▶ _DATASET EXCERPT_
====================
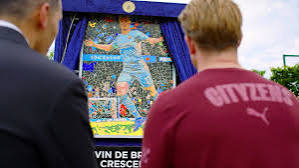 Manchester City Chairman Khaldoon Al Mubarak has today, Tuesday, May 20, 2025, unveiled a mosaic and dedicated a road at the City Football Academy to legendary departing midfield ace Kevin De Bruyne. Manchester City Chairman Khaldoon Al Mubarak has today, Tuesday, May 20, 2025, unveiled a mosaic and dedicated a road at the City Football Academy to legendary departing midfield ace Kevin De Bruyne.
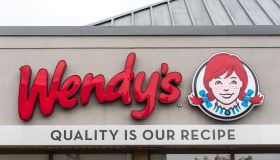 Wendy's sign. Entrance of an outlet of famous American fast...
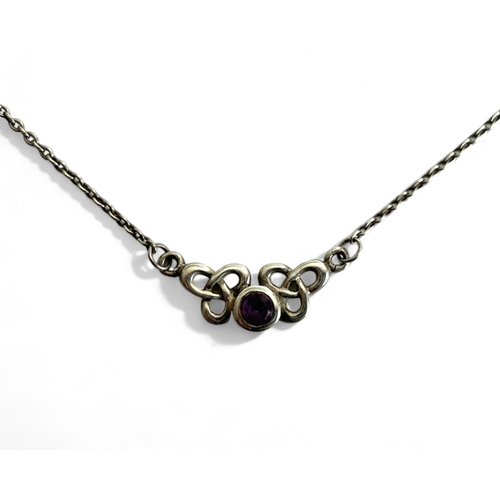 402 - A silver & purple Gem 'Celtic' design necklace.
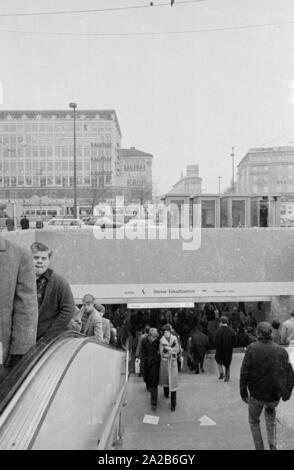 Entrance and exit from the lower level at Stachus, which leads to the S-Bahn and the Stachus shopping center. In the background at left, the department store 'Kaufhof' with advertisements of 'Zechbauer Zigarren' and at right the Hotel Koenigshof (Der Koenigshof). Stock Photo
====================
▶ _DESCRIPTION OF THE TASK_
Only the lines from the line containing "402 - A silver" through the end of the material should be retyped, exactly and in full, with no pictures.

▶ _SOLUTION FOR THIS EXERCISE_
 402 - A silver & purple Gem 'Celtic' design necklace.
 Entrance and exit from the lower level at Stachus, which leads to the S-Bahn and the Stachus shopping center. In the background at left, the department store 'Kaufhof' with advertisements of 'Zechbauer Zigarren' and at right the Hotel Koenigshof (Der Koenigshof). Stock Photo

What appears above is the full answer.